• _What is required_
The required output is an exact restatement of the lines, starting with the one that contains "Talking about the" and finishing with the last line of the listing. It contains no pictures.

• _Source material_

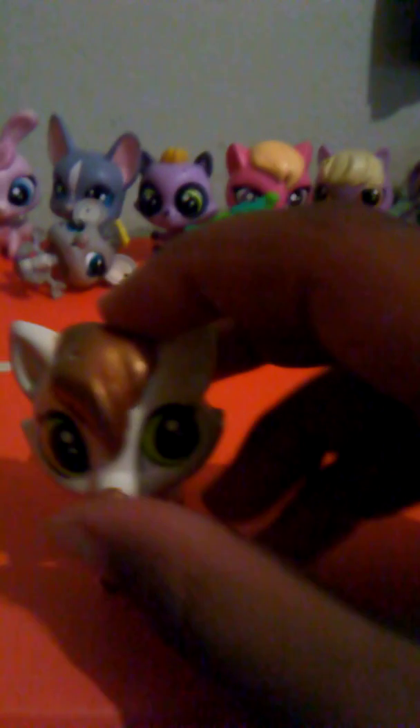Next up, we have this limited edition one. She also has a baby, but I didn't want to bring it out — they look exactly the same. I'm lucky enough to have it. I really love the eye color, and the gold and silver tail highlights. Her paws are gold, the fur right here is silver, and her little nose is gold. Honestly, gold is like my favorite color — along with blue and purple. I hate pink; just because I'm wearing pink doesn't mean I love it. Okay, next!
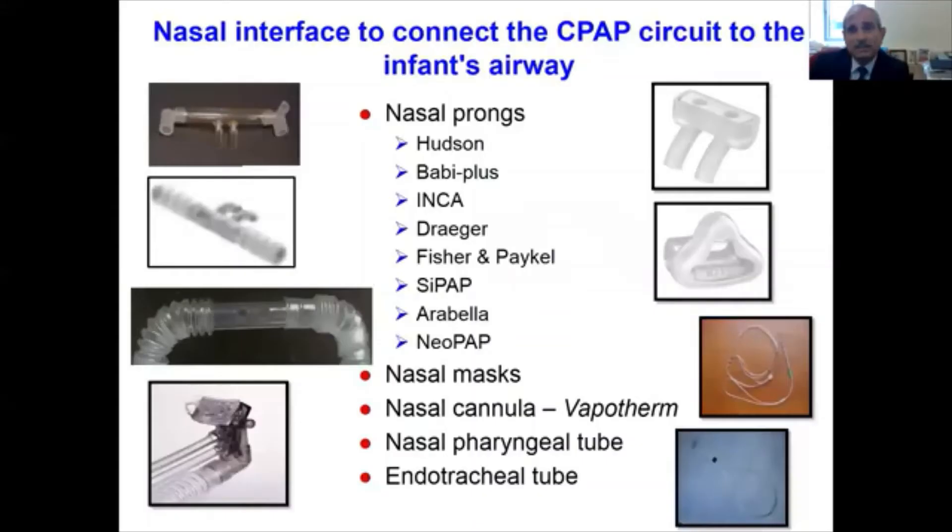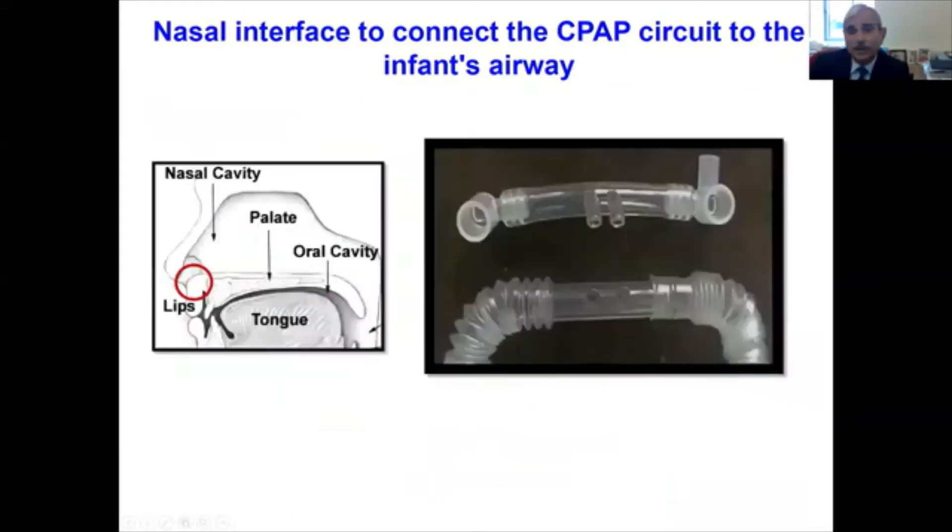Talking about the nasal interfaces to connect to the CPAP circuit, several interfaces are available. Various nasal prongs manufactured by Hudson, Baby Plus, Infant Care, Rager, Fisher, Pecal, iPAP, Arabella, and NeoPAP are available. Nasal masks and nasal cannula — VaporTherm — are also used. CPAP can also be delivered by nasopharyngeal tube and endotracheal tube.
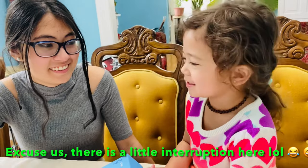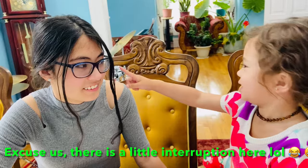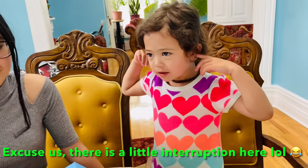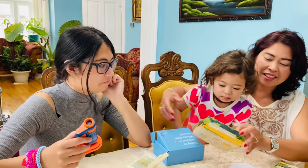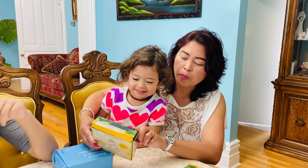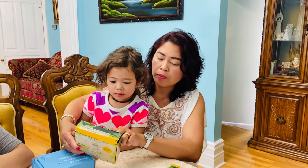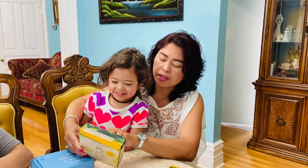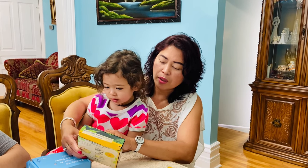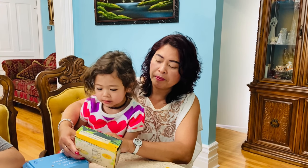It's funny, guys — it's nice and easy! Can you read this one? 'Portable microscope.' That's right! The magnification is 20 to 40x. And this here shows the age — it's 8 plus.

• _Answer box_
Talking about the nasal interfaces to connect to the CPAP circuit, several interfaces are available. Various nasal prongs manufactured by Hudson, Baby Plus, Infant Care, Rager, Fisher, Pecal, iPAP, Arabella, and NeoPAP are available. Nasal masks and nasal cannula — VaporTherm — are also used. CPAP can also be delivered by nasopharyngeal tube and endotracheal tube.
It's funny, guys — it's nice and easy! Can you read this one? 'Portable microscope.' That's right! The magnification is 20 to 40x. And this here shows the age — it's 8 plus.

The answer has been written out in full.